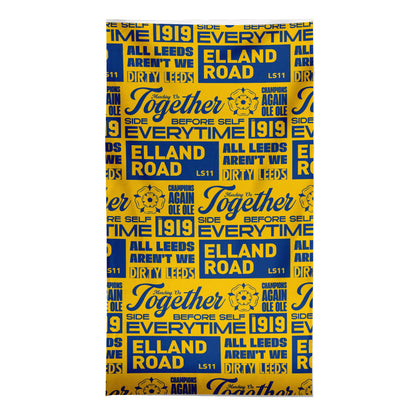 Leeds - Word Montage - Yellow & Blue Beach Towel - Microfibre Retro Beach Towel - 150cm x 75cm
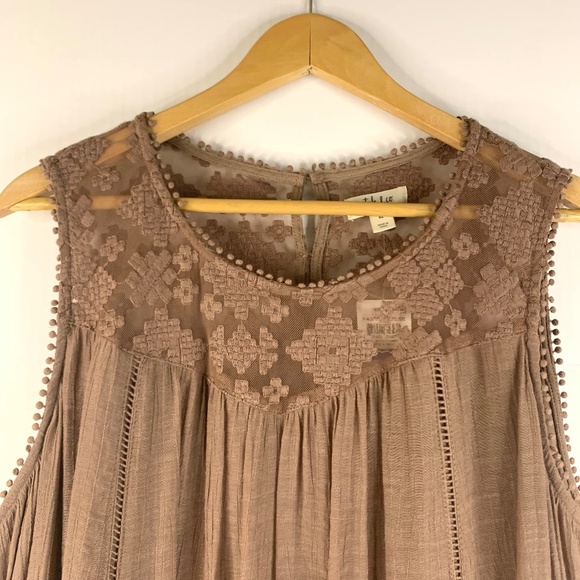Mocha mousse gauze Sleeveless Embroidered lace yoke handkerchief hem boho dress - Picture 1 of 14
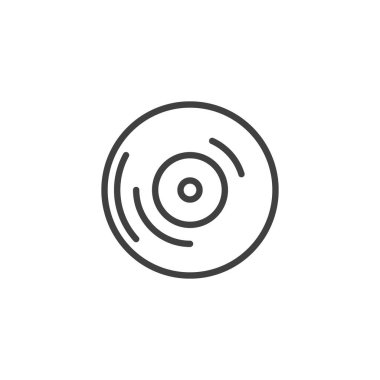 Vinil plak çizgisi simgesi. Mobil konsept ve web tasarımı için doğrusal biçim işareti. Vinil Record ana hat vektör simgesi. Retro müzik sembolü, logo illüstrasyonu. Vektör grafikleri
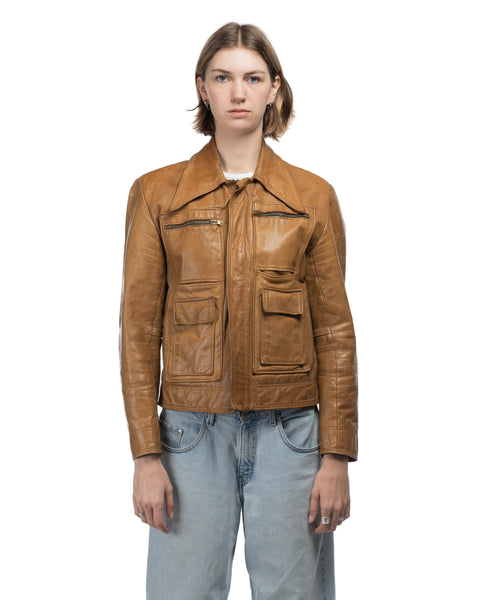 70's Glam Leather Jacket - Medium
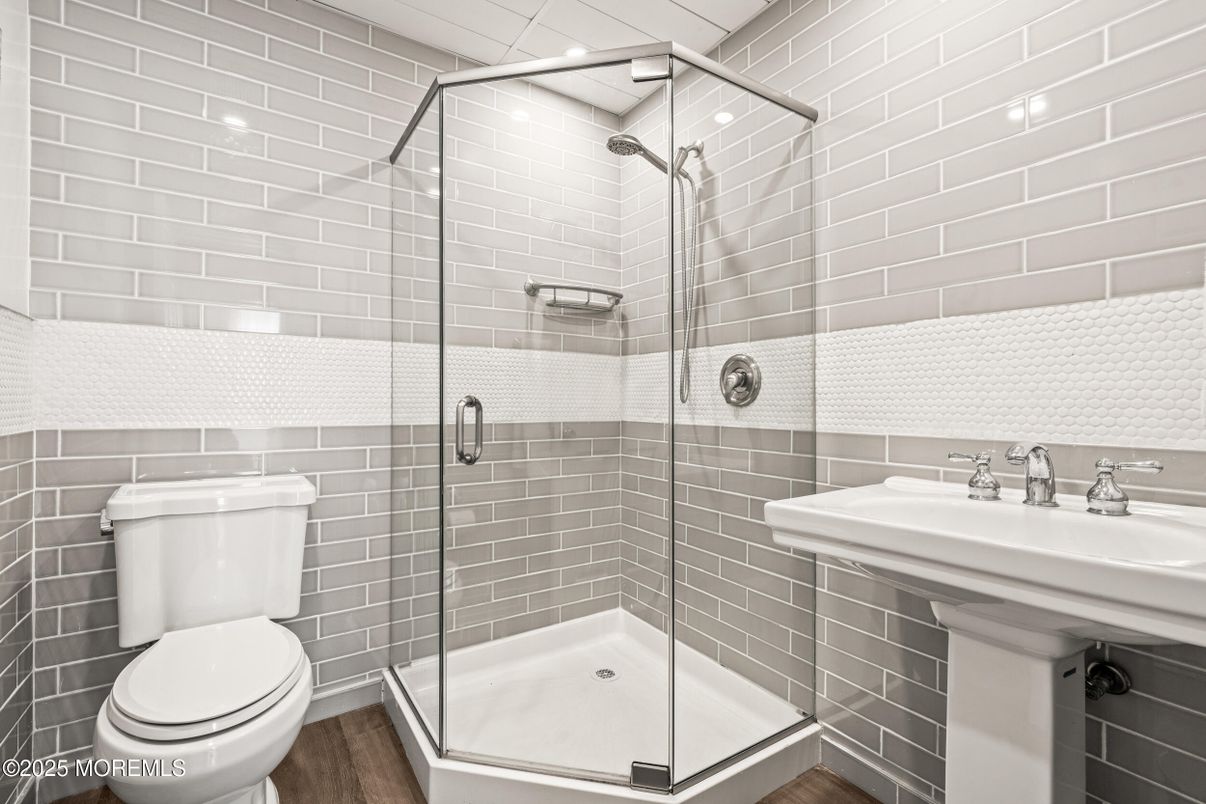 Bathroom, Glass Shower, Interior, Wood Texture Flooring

+ + + + +

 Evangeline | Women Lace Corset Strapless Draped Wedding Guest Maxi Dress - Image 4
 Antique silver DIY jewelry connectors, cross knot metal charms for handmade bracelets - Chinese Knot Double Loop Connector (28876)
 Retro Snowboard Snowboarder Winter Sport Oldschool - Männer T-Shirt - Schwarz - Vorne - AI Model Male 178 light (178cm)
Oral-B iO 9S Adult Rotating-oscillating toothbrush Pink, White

+ + + + +

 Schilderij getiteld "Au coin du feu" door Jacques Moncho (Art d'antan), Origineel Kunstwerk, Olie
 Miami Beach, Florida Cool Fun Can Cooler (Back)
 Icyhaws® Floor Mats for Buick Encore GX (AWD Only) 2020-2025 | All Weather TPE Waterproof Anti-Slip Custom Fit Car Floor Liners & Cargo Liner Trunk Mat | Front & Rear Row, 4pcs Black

+ + + + +

» **Task instructions**:
Your task is to retype the entries verbatim, starting with the line that holds "Antique silver DIY" and stopping after the line that holds "Oral-B iO 9S".

» **Problem solution**:
 Antique silver DIY jewelry connectors, cross knot metal charms for handmade bracelets - Chinese Knot Double Loop Connector (28876)
 Retro Snowboard Snowboarder Winter Sport Oldschool - Männer T-Shirt - Schwarz - Vorne - AI Model Male 178 light (178cm)
Oral-B iO 9S Adult Rotating-oscillating toothbrush Pink, White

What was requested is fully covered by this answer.